Unfortunately, there isn’t an exact science to finding the perfect call center partner. However, hopefully I can point out some important things to consider both if you’re in need of a call center but also some things to consider if you are a call center looking to be a solution for another company.
David vs. Goliath
Is bigger always better? Well, obviously that depends on what we’re talking about, and it’s no different in vendor selection. If you are a company that is looking for a single call center to staff a 200 seat credit card sales program then going with the company that has two centers at 50 seats each isn’t going to work for you---clearly. But let’s say we’re looking at a program that is going to take 10-20 seats. Is the same type of center that is able to staff that 200 seat credit card sales program the way you want to go? There are other things to consider but in just looking at the size and nothing else you have to consider when a company is too big for a campaign. When is your campaign going to be just a small fish in a very big pond? Is it going to be assigned to an account manager that already has too much to handle and your new pesky program is more of an annoyance? There is something to be said for the company that wants it more, needs it more, and is hungry for it. What is a small fish to one company can be a game-changer for another. There is something to be said for that feeling you get when you know the call center management team is going to put everything they have into making your campaign successful.

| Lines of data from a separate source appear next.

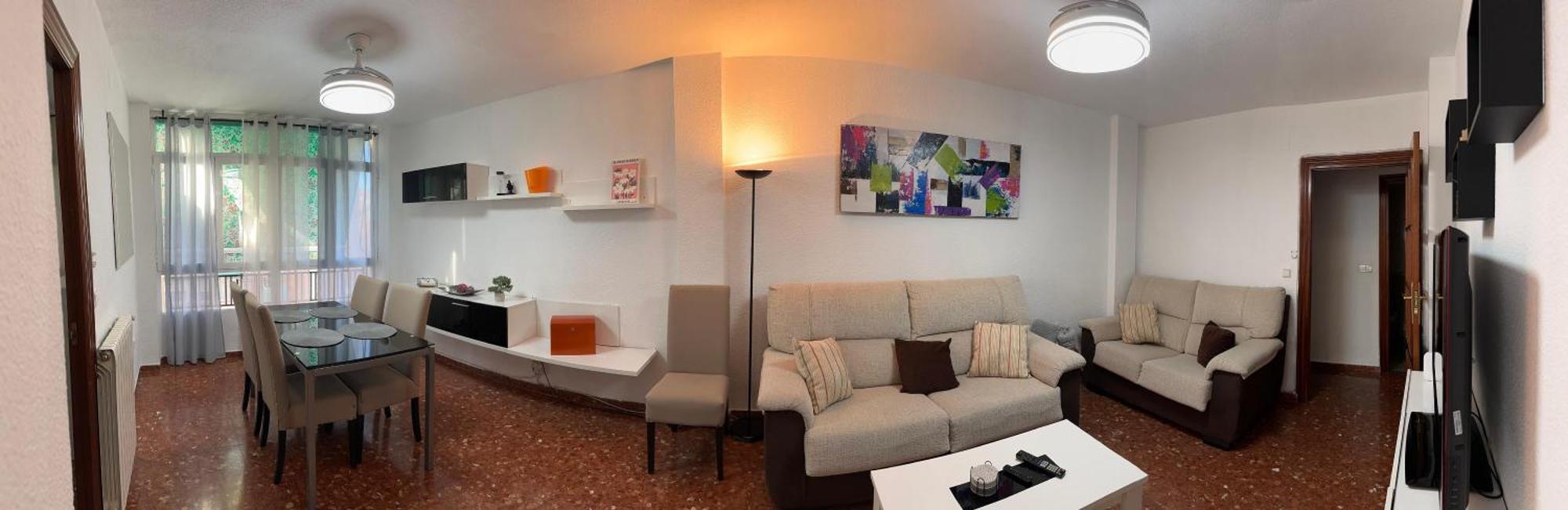 Piso Granada 3 Dormitorios Y Parking Privado Bagian luar foto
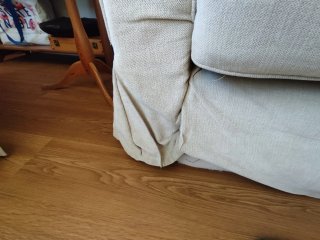 Sofá Cama IKEA 3 Plazas Beige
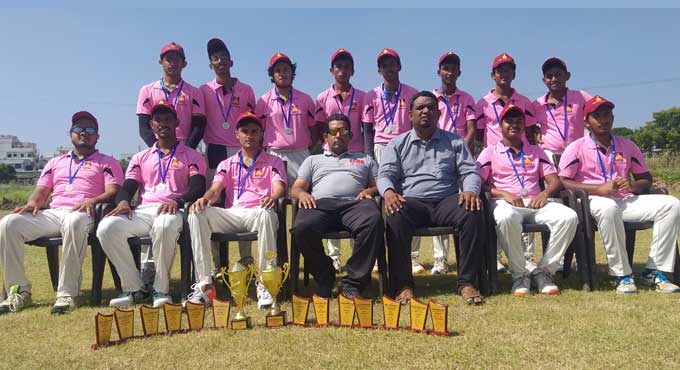 Nizam Cricket Club emerge champions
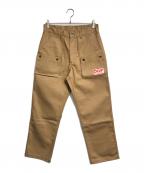 BROWN by 2-tacsブラウンバイツータックス）の古着「DCP-pants SP」｜ブラウン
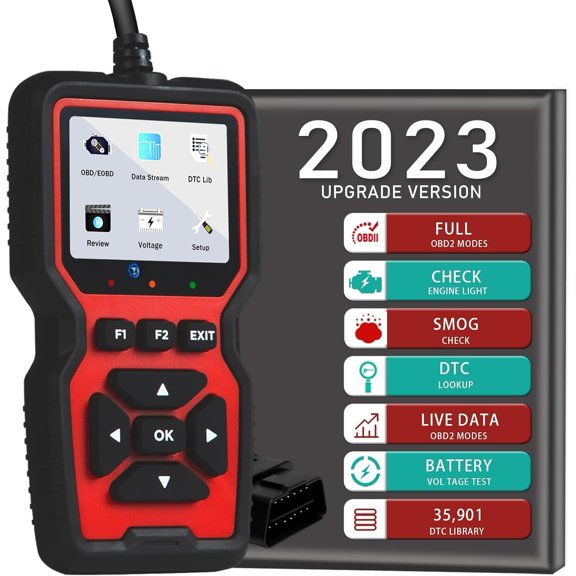 OBD2 Scanner Code Reader Diagnostic Tool Engine Fault Code Reader CAN Scan Tool for Check Engine Light for OBD II Protocol After 1996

Location, Location, Location
Does the location of a call center really matter? Just like using local telephone numbers for Caller ID to improve answer rates, having a call center in the right location for a program can be an important part of whether a campaign is successful or not. Or, having a call center in the wrong location can be a recipe for disaster. Offshore call centers, I’m talking about you. Without diving headfirst into that topic, I will say this. If the majority of your agents have a heavy accent of some kind, odds are that your call center is going to be the perfect fit for any program calling into a market that also heavily uses that accent. However, you’re also probably a less likely fit for a campaign that is calling into any other market. Obviously there is a lot more flexibility when you’re working with accent neutral agents. And if you don’t care about your sales rates or the overall customer experience you’ll be delivering but rather want really cheap rates take your business offshore and don’t look back. Zing!!!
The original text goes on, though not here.